CAMBRIDGE, Mass. — The heartbreaking scenes on the southern border seem a world away from recent presidential pardons. Sobbing children and bereft parents have nothing in common with Joe Arpaio, Dinesh D’Souza and, most recently, the Oregon ranchers Dwight Hammond and his son, Steven, who had been convicted of arson in 2016 and whom President Trump pardoned on Tuesday. Yet both come down to a relationship between justice and mercy that has a long history — and a cautionary moral for the president.
Family separation shows justice without mercy. The pardon power displays mercy in the name of justice. The administration cites the biblical injunction to obey the powers that be as one explanation for their zero-tolerance policy on immigration. With regard to immigration, it seems, there can be no discretion. By contrast, presidential pardons show how extensive discretion can be, because the Constitution gives the president “power to grant reprieves and pardons for offences against the United States, except in case of impeachment.”
Most Enlightenment thinkers were uneasy about the pardoning power. The two greatest oracles for the Constitution’s framers, the French philosopher Montesquieu and the English lawyer William Blackstone, both attacked it. “Clemency is the characteristic of monarchs,” wrote Montesquieu, who thought it inappropriate in republics. Blackstone was adamant. “In democracies,” he thundered, “this power of pardon can never subsist.” Contemporary reformers like Cesare Beccaria and Jeremy Bentham were just as skeptical about pardons. So was Immanuel Kant, for whom it was one of the slipperiest rights of the sovereign, a majestic encouragement to injustice.
Eighteenth-century Europeans didn’t have to look far to find examples to prove their case. At his trial for treason in January 1649, King Charles I of England had denied the authority of the court set up by Parliament on the grounds that “no earthly power can justly call me (who am your King) in question as a delinquent.” Yet the court insisted on its authority to try him and he was convicted of “a wicked design to erect and uphold in himself an unlimited and tyrannical power to rule according to his will.” In the later 17th century, Parliament proceeded to crimp the royal prerogative until little residue of an absolute monarch’s godlike capacity remained in the hands of George III.
In this sense the American Constitution actually pushed back against Europe’s anti-monarchical movement. The framers argued that “without an easy access to exceptions in favor of unfortunate guilt, justice would wear a countenance too sanguinary and cruel,” as Alexander Hamilton argued in Federalist No. 74. This was particularly true in “season of insurrection or rebellion,” Hamilton continued, “when a well-timed offer of pardon to the insurgents or rebels may restore the tranquillity of the commonwealth.”

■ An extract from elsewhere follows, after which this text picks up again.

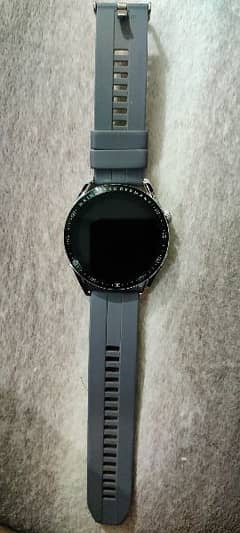 SMART WATCH VIP CONDITION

With the ratification of the Constitution, George Washington received an array of powers many European monarchs might have envied. The president could veto legislation — something no British monarch had done since 1707. He was commander in chief of the armed forces; 1743 was the last time a British king had led an army, at the Battle of Dettingen. And after 1789, the French revolutionaries abolished the pardoning power that America’s elective monarch now retained.
Washington wielded his pardon power for the first time to reprieve insurgents in the Whiskey Rebellion in 1795, “to mingle in the operations of government every degree of moderation and tenderness which the national justice, dignity, and safety may permit.” Abraham Lincoln and Andrew Johnson later pardoned rebels during and after the Civil War. In this way, mercy tempered justice, to justify importing kingly clemency into the republic.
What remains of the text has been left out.